▶ What to work on:
The records below must be transcribed exactly, with each picture left out.
● ● ●
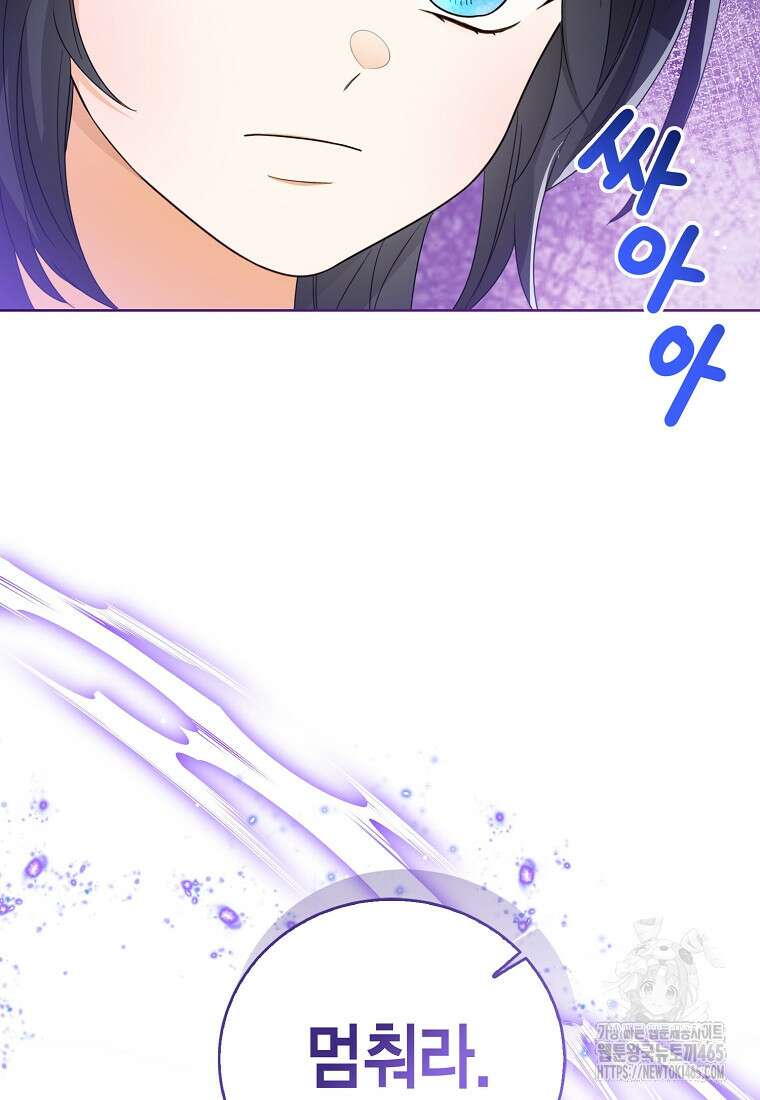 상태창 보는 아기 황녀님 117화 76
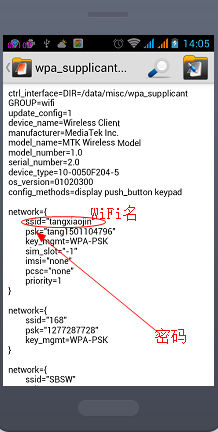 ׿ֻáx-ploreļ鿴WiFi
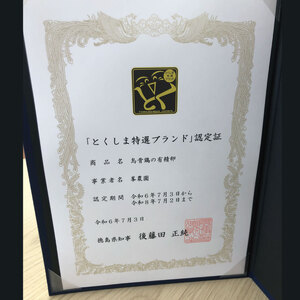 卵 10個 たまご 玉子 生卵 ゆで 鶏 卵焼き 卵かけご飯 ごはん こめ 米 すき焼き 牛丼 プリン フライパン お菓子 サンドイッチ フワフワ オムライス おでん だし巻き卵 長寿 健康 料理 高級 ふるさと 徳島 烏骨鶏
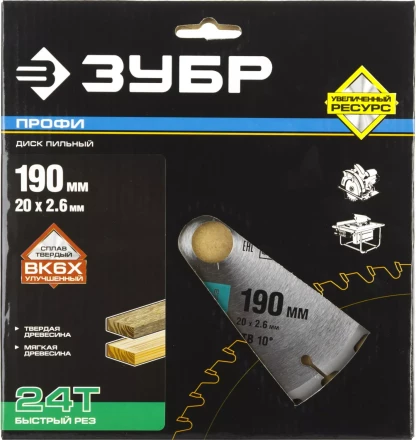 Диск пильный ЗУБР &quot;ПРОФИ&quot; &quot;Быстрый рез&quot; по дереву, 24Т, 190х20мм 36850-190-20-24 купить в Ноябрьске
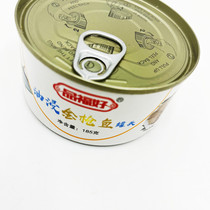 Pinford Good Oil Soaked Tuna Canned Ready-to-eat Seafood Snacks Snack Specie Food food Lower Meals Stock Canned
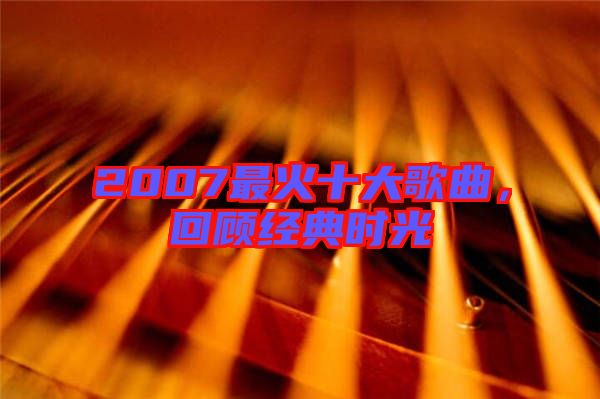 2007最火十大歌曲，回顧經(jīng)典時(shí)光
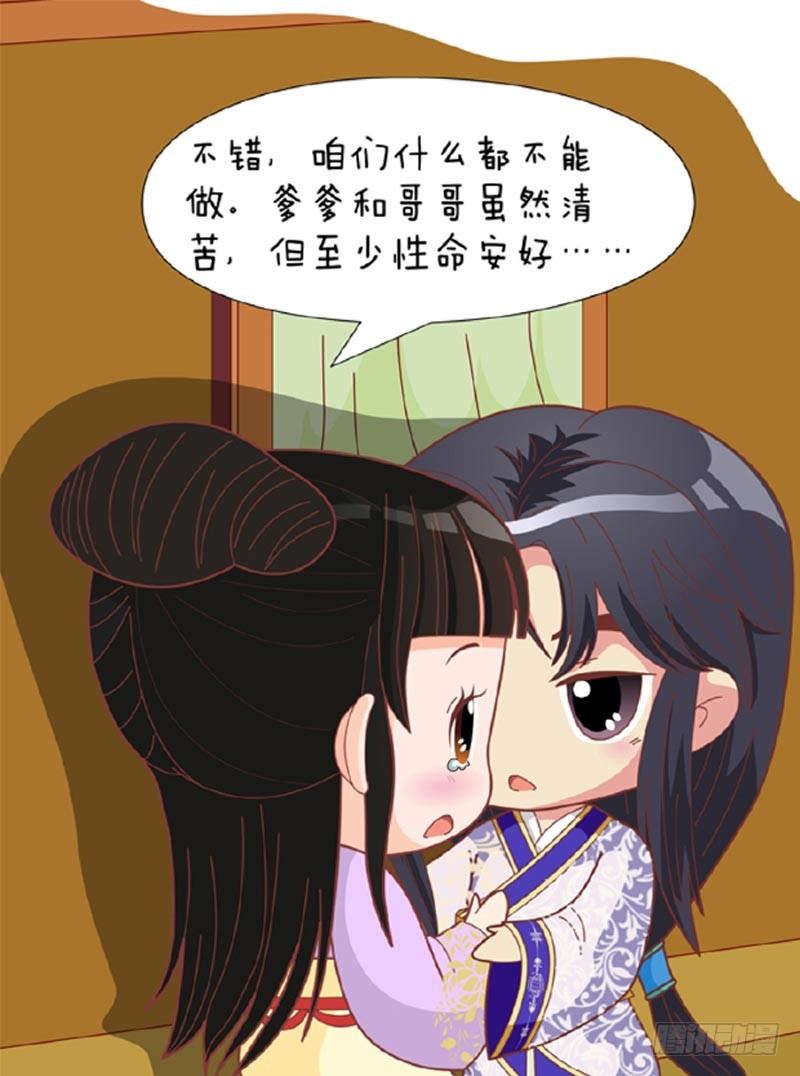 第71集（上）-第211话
● ● ●
▶ Response below:
 상태창 보는 아기 황녀님 117화 76
 ׿ֻáx-ploreļ鿴WiFi
 卵 10個 たまご 玉子 生卵 ゆで 鶏 卵焼き 卵かけご飯 ごはん こめ 米 すき焼き 牛丼 プリン フライパン お菓子 サンドイッチ フワフワ オムライス おでん だし巻き卵 長寿 健康 料理 高級 ふるさと 徳島 烏骨鶏
 Диск пильный ЗУБР &quot;ПРОФИ&quot; &quot;Быстрый рез&quot; по дереву, 24Т, 190х20мм 36850-190-20-24 купить в Ноябрьске
 Pinford Good Oil Soaked Tuna Canned Ready-to-eat Seafood Snacks Snack Specie Food food Lower Meals Stock Canned
 2007最火十大歌曲，回顧經(jīng)典時(shí)光
 第71集（上）-第211话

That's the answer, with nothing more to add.